WHAT IS EXPECTED: In the records below, begin at the line containing "Today, we'll be" and end at the line containing "So now we know"; quote every line in that span exactly, including both boundary lines, and no others.

Dataset entries:
##############################
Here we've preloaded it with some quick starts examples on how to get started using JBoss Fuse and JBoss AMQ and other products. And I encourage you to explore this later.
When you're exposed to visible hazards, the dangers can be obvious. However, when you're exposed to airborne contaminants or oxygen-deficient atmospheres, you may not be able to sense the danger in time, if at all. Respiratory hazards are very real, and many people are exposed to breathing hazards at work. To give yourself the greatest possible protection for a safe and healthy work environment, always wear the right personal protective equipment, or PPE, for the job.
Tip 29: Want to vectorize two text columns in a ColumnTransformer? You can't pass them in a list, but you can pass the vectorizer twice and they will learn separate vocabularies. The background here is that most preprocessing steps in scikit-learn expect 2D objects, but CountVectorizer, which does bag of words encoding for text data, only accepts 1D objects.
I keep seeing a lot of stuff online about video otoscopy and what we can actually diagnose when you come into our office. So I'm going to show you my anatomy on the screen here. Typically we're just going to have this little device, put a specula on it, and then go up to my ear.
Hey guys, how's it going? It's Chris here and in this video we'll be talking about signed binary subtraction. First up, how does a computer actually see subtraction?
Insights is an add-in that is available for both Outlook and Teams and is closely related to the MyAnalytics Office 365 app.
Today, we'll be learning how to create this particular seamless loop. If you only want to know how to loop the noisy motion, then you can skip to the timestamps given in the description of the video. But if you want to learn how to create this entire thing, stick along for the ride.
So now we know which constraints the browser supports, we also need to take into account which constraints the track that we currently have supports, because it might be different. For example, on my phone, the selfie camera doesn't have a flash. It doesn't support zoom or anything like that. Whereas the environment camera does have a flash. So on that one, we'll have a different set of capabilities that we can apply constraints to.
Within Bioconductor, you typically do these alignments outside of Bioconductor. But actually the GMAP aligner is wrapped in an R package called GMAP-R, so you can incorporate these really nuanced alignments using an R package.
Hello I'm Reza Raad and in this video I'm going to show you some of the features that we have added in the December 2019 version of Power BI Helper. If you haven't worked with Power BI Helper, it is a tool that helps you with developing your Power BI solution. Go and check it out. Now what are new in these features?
##############################
YOUR RESPONSE:
Today, we'll be learning how to create this particular seamless loop. If you only want to know how to loop the noisy motion, then you can skip to the timestamps given in the description of the video. But if you want to learn how to create this entire thing, stick along for the ride.
So now we know which constraints the browser supports, we also need to take into account which constraints the track that we currently have supports, because it might be different. For example, on my phone, the selfie camera doesn't have a flash. It doesn't support zoom or anything like that. Whereas the environment camera does have a flash. So on that one, we'll have a different set of capabilities that we can apply constraints to.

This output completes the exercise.